═════ THE RECORDS
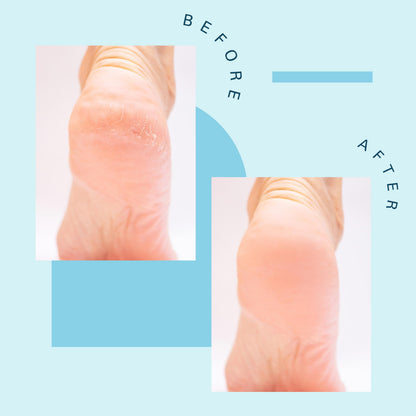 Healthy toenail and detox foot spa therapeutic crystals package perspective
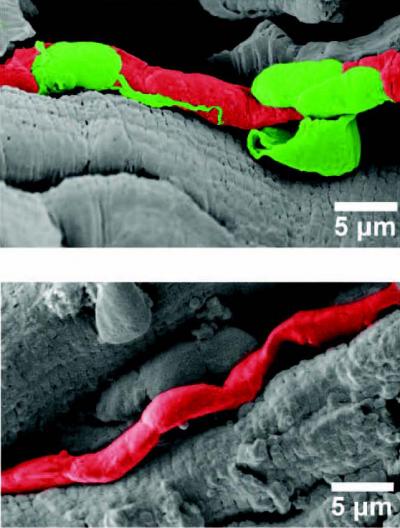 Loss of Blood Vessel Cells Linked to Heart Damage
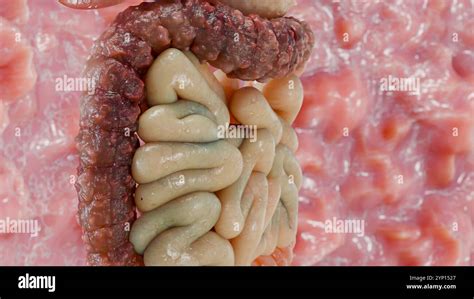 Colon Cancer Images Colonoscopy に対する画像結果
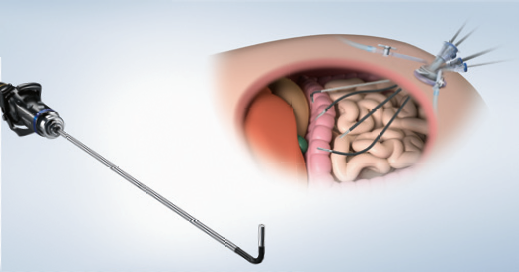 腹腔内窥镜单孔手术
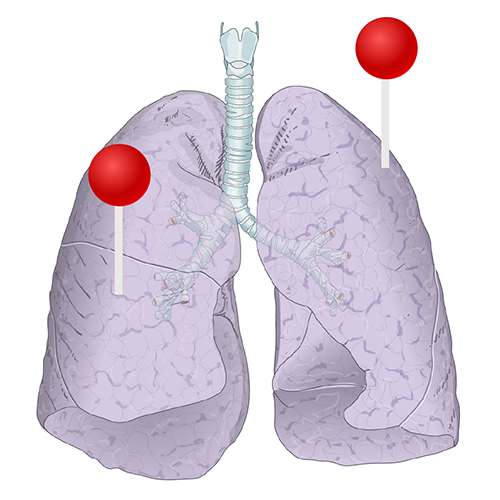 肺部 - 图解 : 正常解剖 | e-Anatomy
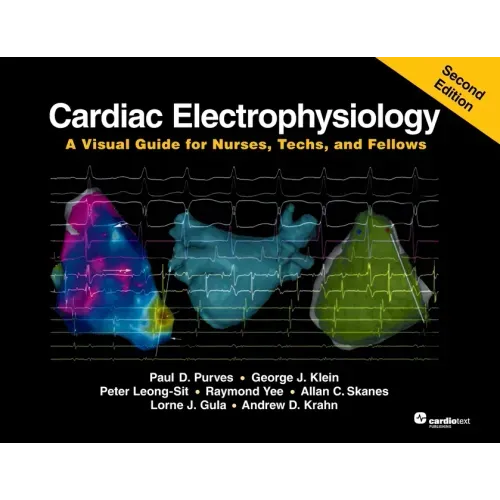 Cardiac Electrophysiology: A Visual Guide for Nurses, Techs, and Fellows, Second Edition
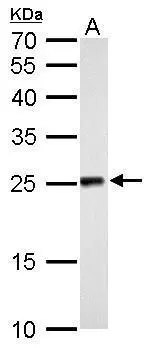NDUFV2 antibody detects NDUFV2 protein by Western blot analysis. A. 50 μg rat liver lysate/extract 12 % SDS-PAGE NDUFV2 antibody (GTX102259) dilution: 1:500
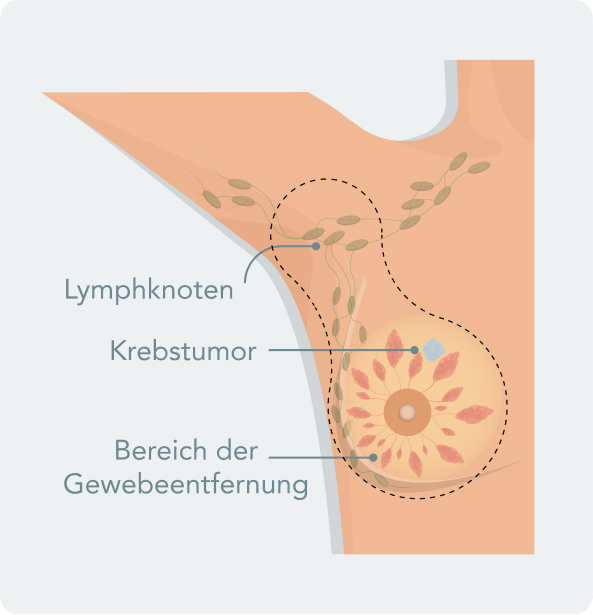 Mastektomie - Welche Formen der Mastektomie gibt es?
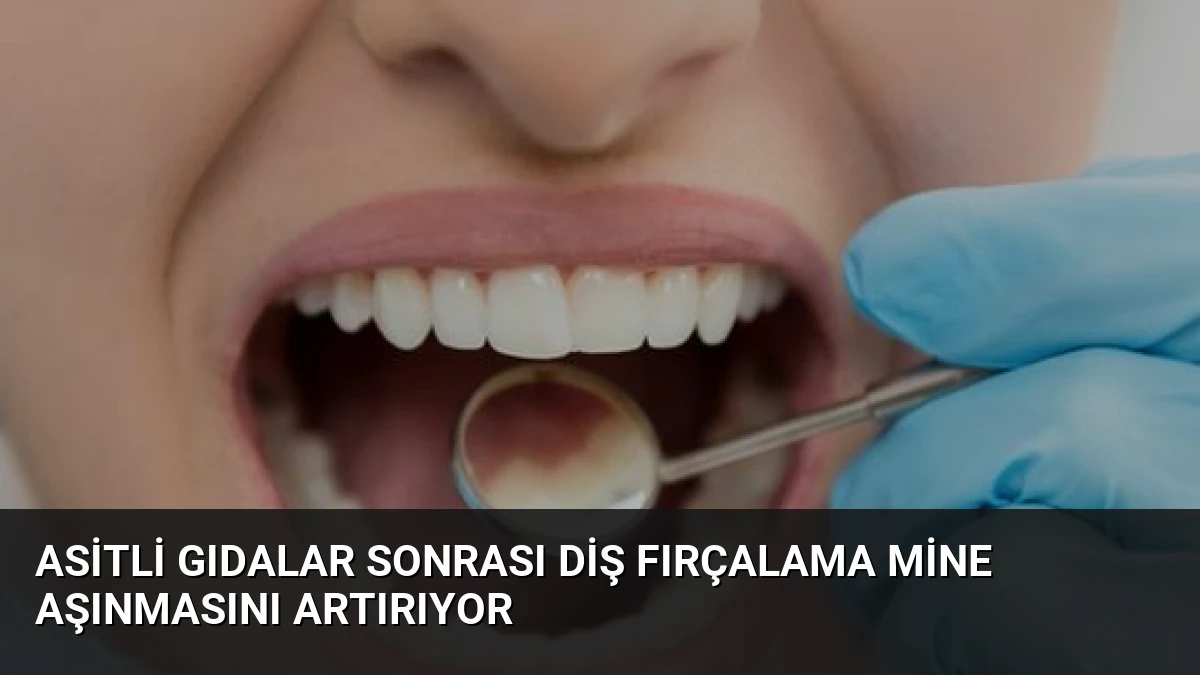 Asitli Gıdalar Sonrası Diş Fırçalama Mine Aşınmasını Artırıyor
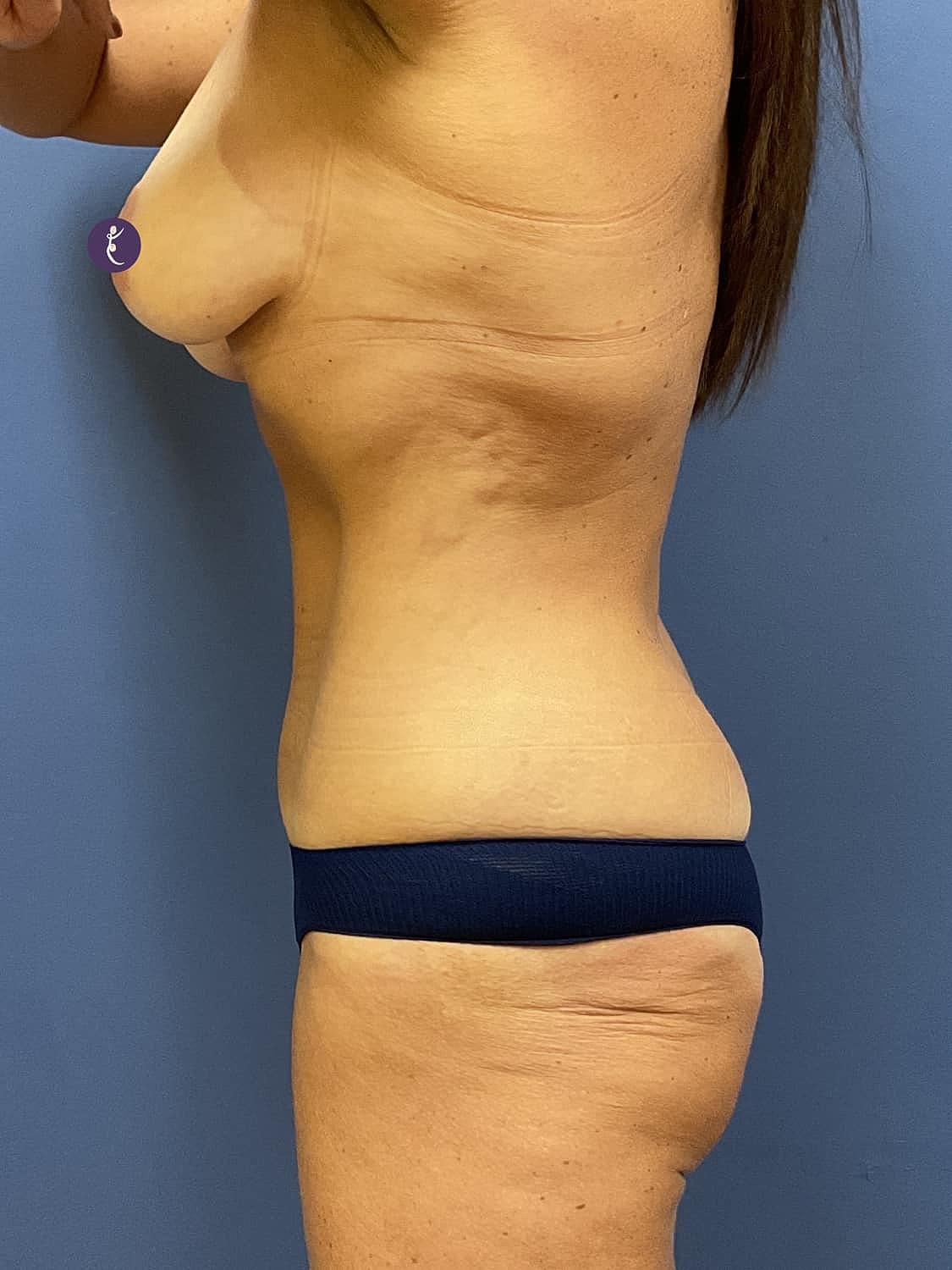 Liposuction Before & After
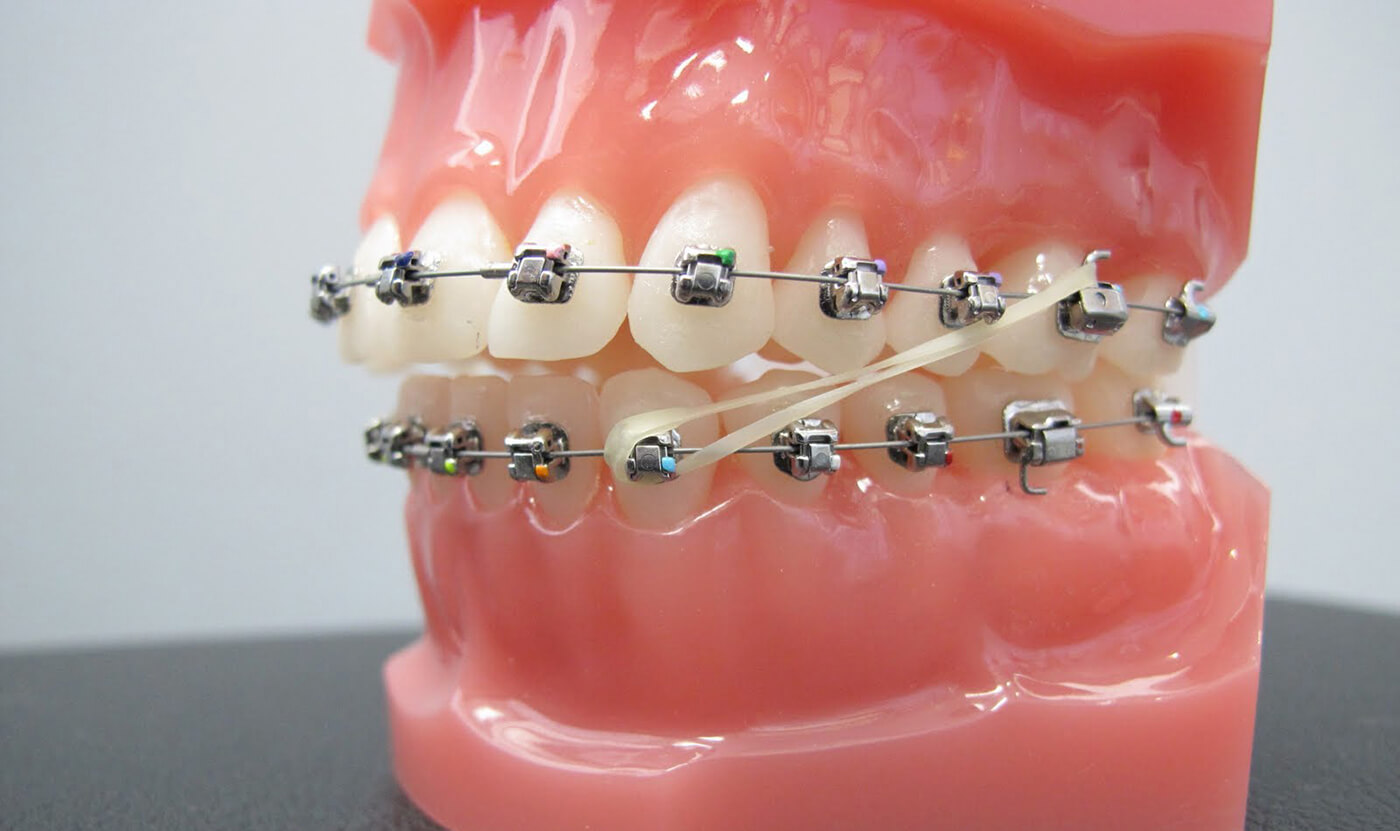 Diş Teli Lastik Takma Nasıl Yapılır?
══════════
◆ ASSIGNMENT
Apart from the pictures, return the records exactly.

◆ OUTPUT
 Healthy toenail and detox foot spa therapeutic crystals package perspective
 Loss of Blood Vessel Cells Linked to Heart Damage
 Colon Cancer Images Colonoscopy に対する画像結果
 腹腔内窥镜单孔手术
 肺部 - 图解 : 正常解剖 | e-Anatomy
 Cardiac Electrophysiology: A Visual Guide for Nurses, Techs, and Fellows, Second Edition
NDUFV2 antibody detects NDUFV2 protein by Western blot analysis. A. 50 μg rat liver lysate/extract 12 % SDS-PAGE NDUFV2 antibody (GTX102259) dilution: 1:500
 Mastektomie - Welche Formen der Mastektomie gibt es?
 Asitli Gıdalar Sonrası Diş Fırçalama Mine Aşınmasını Artırıyor
 Liposuction Before & After
 Diş Teli Lastik Takma Nasıl Yapılır?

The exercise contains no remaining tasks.